Le déclenchement de la guerre de 1992 que nous avons tous suivie, tant bien que mal à coup d’informations simplistes, tient donc essentiellement à cette identité «Bosniaque» confirmant qu’il n’y a pas de majorité ethnique et religieuse dominante en Bosnie-Herzégovine contrairement à la Slovénie, la Macédoine et la Croatie qui obtinrent plus aisément leur indépendance grâce à cet argument. Il trouve aussi ses ramifications dans des rancœurs très lointaines des Serbes qui lancèrent les bases de leur nationalisme à la fin du XIXè s, quand les Austro-Hongrois, nouveaux dirigeants de la Bosnie-Herzégovine suite à l’effondrement de l’Empire Ottoman, ne s’attaquèrent pas au problème de l’exploitation des Serbes et des Croates par les propriétaires terriens musulmans, ni au favoritisme que les Autrichiens catholiques manifestèrent envers les Croates également catholiques, aux dépens des Serbes Orthodoxes. L’exacerbation des tensions entre Serbes, Croates et Musulmans fut marquée par un événement que la plupart d’entre vous ont du retenir comme le point de départ de la 1è Guerre Mondiale : l’assassinat, le 28 Juin 1914 à Sarajevo, de l’héritier au trône d’Autriche-Hongrie, l’archiduc François-Ferdinand de Habsbourg, par un étudiant musulman serbe de Bosnie, c’est-à-dire un Bosniaque.

Suite à des alliances complexes au cours des 2 guerres, puis à une période de stabilité dans toute la Yougoslavie grâce au défi du Yougoslavisme de Tito, l’histoire de la Bosnie a basculé lorsque celle-ci suivit la mouvance indépendantiste de ses voisins. Elle se vit refuser l’indépendance par les Serbes au nom du mythe de reconstitution de la «Grande Serbie» qui brandirent la revendication territoriale d’un rattachement du Nord peuplé en majorité de Serbes, ainsi que les éléments historiques démontrant que la Bosnie Herzégovine avait appartenu au Royaume de Serbie au XIII è s.

Je me souviens d’une remarque de notre guide de fortune à Sarajevo qui nous expliquait ce sentiment serbe, consistant à considérer que toute ville où vit un serbe est serbe et doit appartenir aux Serbes ! Dans le même temps, les Croates, majoritaires au Sud refusèrent cette indépendance au nom de leurs propres revendications et bien qu’ils s’allièrent au départ avec les Bosniaques puis furent suspectés d’alliances secrètes pour se partager la Bosnie Herzégovine avec les Serbes, leurs positions furent cruciales pour déterminer du destin de la région. L’étau se resserrant, seule une guerre devait décider du sort de la Bosnie Herzégovine, au prix de 4 ans de combats, des destructions massives, 200000 disparus ou morts ainsi qu’une certaine épuration ponctuée de charniers et de 2 millions de réfugiés dont certains peuplent encore des camps aux conditions sanitaires médiocres.
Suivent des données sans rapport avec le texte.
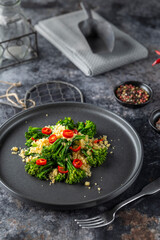 Delicious broccolini salad with toasted breadcrumbs and chili pepper flakes on black plate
Difficile de dire qui a gagné la guerre ! Ce qui est effrayant, c’est que chacun considère paradoxalement qu’il l’a gagnée et perdue à commencer par les Serbes dont la République, signe de victoire évidente, commence à 30 km de Sarajevo mais ne l’intégrera jamais contrairement à leurs souhaits, de même que les Croates qui n’ont pu obtenir le rattachement du Sud à la Croatie… Mais au final, la Bosnie Herzégovine est devenue un Etat indépendant et là est l’essentiel. La Bosnie, toujours maintenue en équilibre grâce à la surveillance des forces internationales, a perdu en grande partie en ses villes cette mixité des cultures qui en faisait l’originalité.

 

Sarajevo, miroir des illusions ou unité retrouvée?
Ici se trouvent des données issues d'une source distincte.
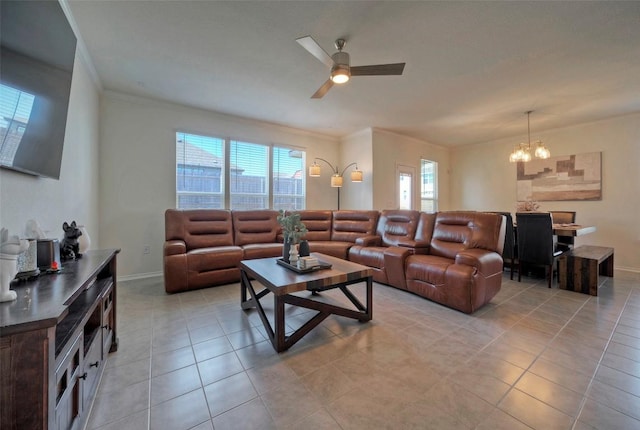 living area with ornamental molding, light tile patterned flooring, baseboards, and ceiling fan with notable chandelier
A Sarajevo, nous rencontrons Mahir, l’homme qui nous a rapporté l’histoire de la Bosnie dans ses grandes lignes nécessaires pour que vous puissiez prendre la mesure des différences entre la capitale et le reste du pays. Mahir est un Bosniaque Musulman d’une cinquantaine d’années qui entendant parler français sur la place principale de Sarajevo et tout étonné de voir des touristes, nous avait interpellé pour nous relater avec une étonnante spontanéité son amour pour la France et la nostalgie de son séjour d’études à Paris, avant de se proposer de nous guider au travers d’une ville qu’il connaît comme sa poche ! Il nous racontait justement qu’il n’est plus de villages en Bosnie-Herzégovine où soit concevable une vraie cohabitation des peuples comme celle qui confectionne la géographie mentale et physique de Sarajevo. Cela se sent quand on parcourt les villes et villages en voiture, puisque sans vraiment maîtriser l’histoire du pays, on peut y percevoir, avec un minimum d’observation, les dominantes nationales à la vue des architectures, des traits et des caractères des habitants.

sarajevo riviere miljacka

Plus délicate à percevoir pour nous touristes et pourtant bien réelle, c’est la question linguistique qui entretient là encore une nette séparation. Si Mahir comme la majorité des Musulmans considèrent que Croates, Serbes et Bosniaques parlent la même langue, le Serbo-Croate, à l’accent et à quelques mots près et si l’usage officiel admet l’existence de 3 langues différentes Serbe en cyrillique, Croate et Musulman en latin ce qui n’exclut en rien sur le plan oral une inter-compréhension quasi-parfaite, les Serbes ainsi que les Croates considèrent seulement la leur comme valide et ont entrepris une «décroatisation» et «déserbisation» de leur langue ! Inimaginable ! Chaque pouvoir remplace donc des mots serbo-croates qui n’auraient pas la bonne origine et l’on se retrouve avec des enfants à qui l’on enseigne une langue différente de celle de leurs parents, amis ou voisins. Quel gâchis de supprimer une unité linguistique!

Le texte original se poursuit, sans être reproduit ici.